The Pashtun-majority province of Logar just south of Kabul saw further protests on Sunday against American threats of Quran-burning, which turned deadly, leaving two dead and five wounded in Barki Barak district. This according to the Pajhwok News Agency. The crowd, estimated at 1,000, that gathered to protest the desecration of their holy book chanted anti-American slogans. It then turned violent according to police, looting shops in the bazaar and tearing down campaign posters of candidates they disliked. Then they began threatening police outposts, prompting police to open fire. Pajhwok quotes one protester, Muhammad Ishaq, however, who rejected the police charges. He is said to have replied, “It was a peaceful protest, but we were blocked by security personnel.
We are ready to sacrifice our lives for the Koran and Islam.”
In Wardak Province, a Pashtun center of the Muslim fundamentalist insurgency to the southwest of Kabul, hundreds of protesters rallied in the district of Chak. That demonstration remained peaceful, according to Pajhwok.

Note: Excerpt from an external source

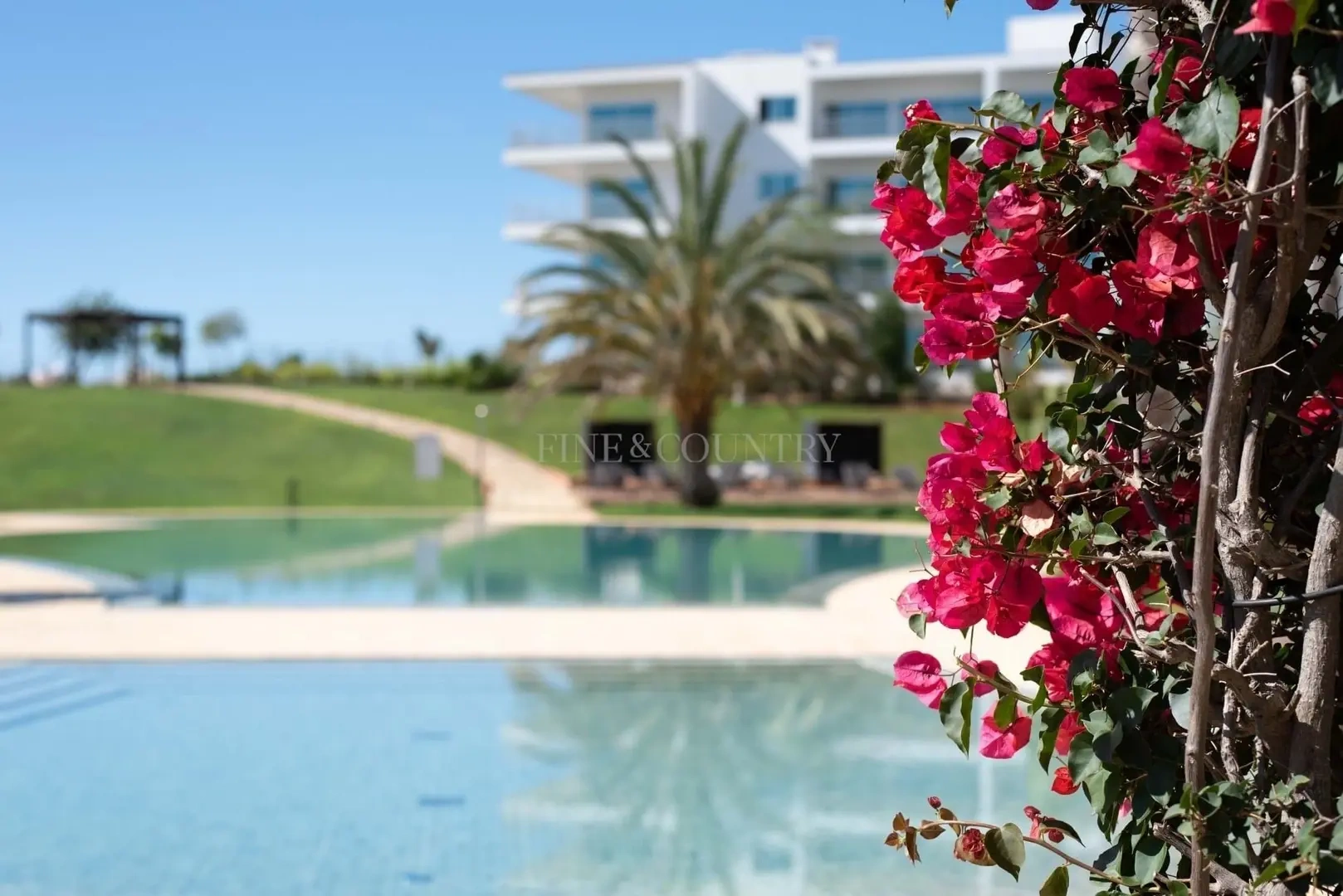 2 - venda apartamento frente ao mar portimão algarve portugal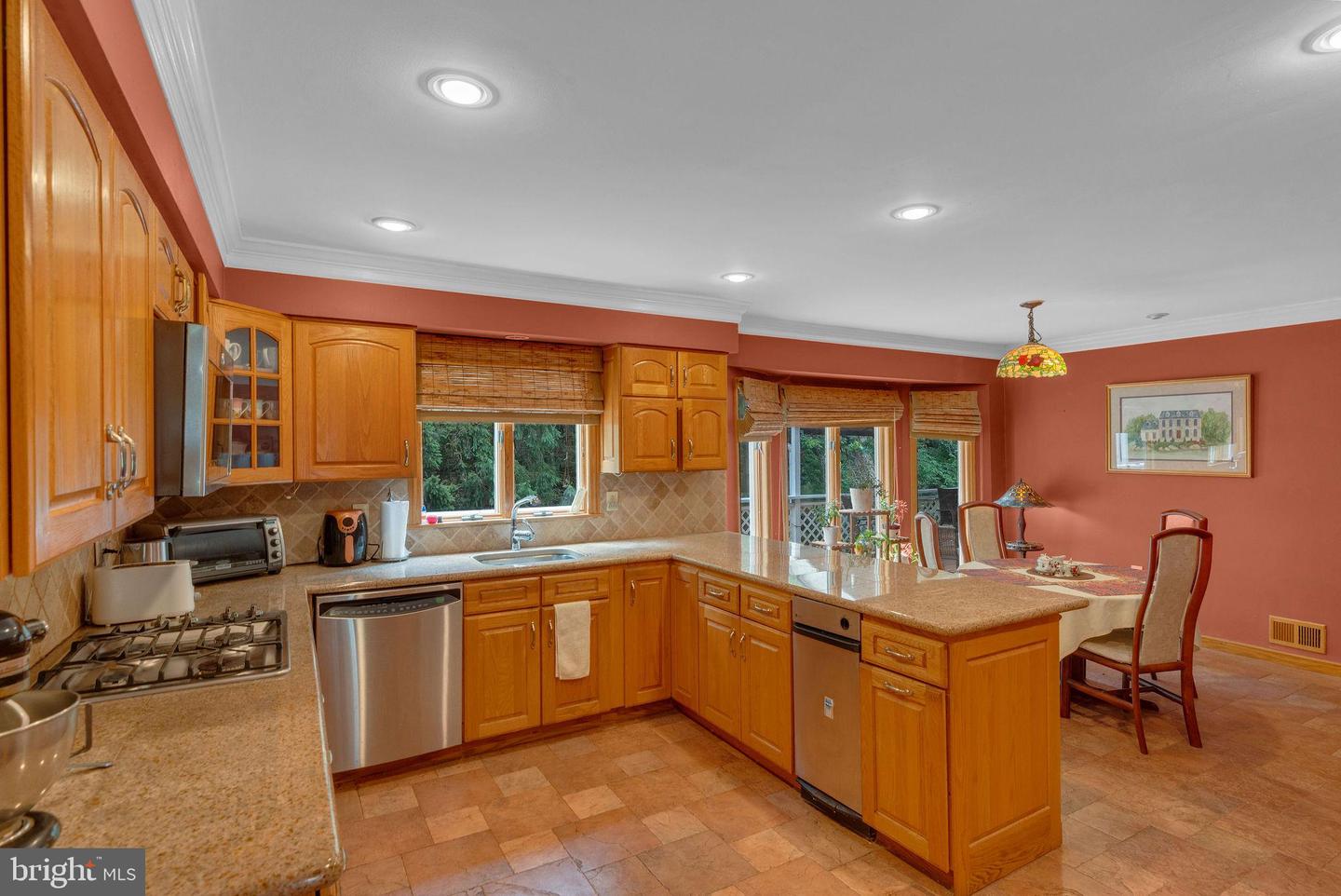 23 Willis Dr Property Photo 17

One fear of Gen. David Petraeus and other US officials in Afghanistan is that video of American Quran-burning will be spread around and looped by the Muslim fundamentalist insurgency seeking to rally ordinary Afghans against the US and NATO troop presence. Cell phones with video capability are in fact controversial in Afghanistan, according to Pajhwok. It says that in Helmand Province, many residents of Lashkargah are demanding that the phones be banned. They say that the Taliban are sending videos of their combat with Western troops, and seeking to recruit young Afghan men through the phones. Likewise, there are fears that photographs carried by a man on his phone of women in his life could fall into the hands of others if he lost the phone, and cause vendettas to break out. Many young men are using the phones to pass around pornography, as well, it is charged.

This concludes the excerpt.